Tandis que Marguerite, aussi douce et sage que mystique, ne supporte pas les diktats de son éducation chrétienne. Elle exorcise son désir coupable et se mutile chaque fois qu’elle se masturbe. Avec Camille, elle découvre l’homosexualité. Madeleine et Camille brandissent alors leur liberté en étendard ; le roman bascule une première fois, tout en restant néanmoins fidèle au premier scénario imaginé par la Comtesse de Ségur.  Les jeunes filles seront perdues dans la forêt, surprises par l’orage, il y a bien le boucher Hurel qui tentera d’abuser d’elles, le château de Fleurville partira en fumée, et il sera également question d’une fugue en Espagne…

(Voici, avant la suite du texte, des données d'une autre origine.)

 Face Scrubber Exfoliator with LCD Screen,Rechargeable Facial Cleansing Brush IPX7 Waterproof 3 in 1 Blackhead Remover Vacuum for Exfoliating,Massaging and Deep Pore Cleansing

Romain Slocombe jubile à nous dévoiler la perversité des unes et des autres. Possédées par les esprits, démonisées, s’égarant et se perdant en remous très troublés, elles semblent prêtes à commettre des choses abominables. Le roman gagne en puissance et en noirceur plongeant de nouveau dans les abîmes de ces histoires à tiroirs qui font le sel des contes vampiriques. Et soudain, l’horreur.

C’est un livre passionnant, captivant, superbement écrit, libertaire, désinhibé quant à tout ce qu’il révèle sur le corps, la métamorphose du corps féminin (la peur du sang) et la morale (et son corollaire). Il est traversé par une fantasmagorie toute sadienne – on l’a dit – dans laquelle il puise toute sa genèse, avec sa dose nécessaire et subtile de touches érotiques, évoluant vers la littérature fantastique. (…)

Romain Slocombe est écrivain, auteur de romans noirs, réalisateur, illustrateur, photographe et artiste. Les petites filles modèles est son dernier roman.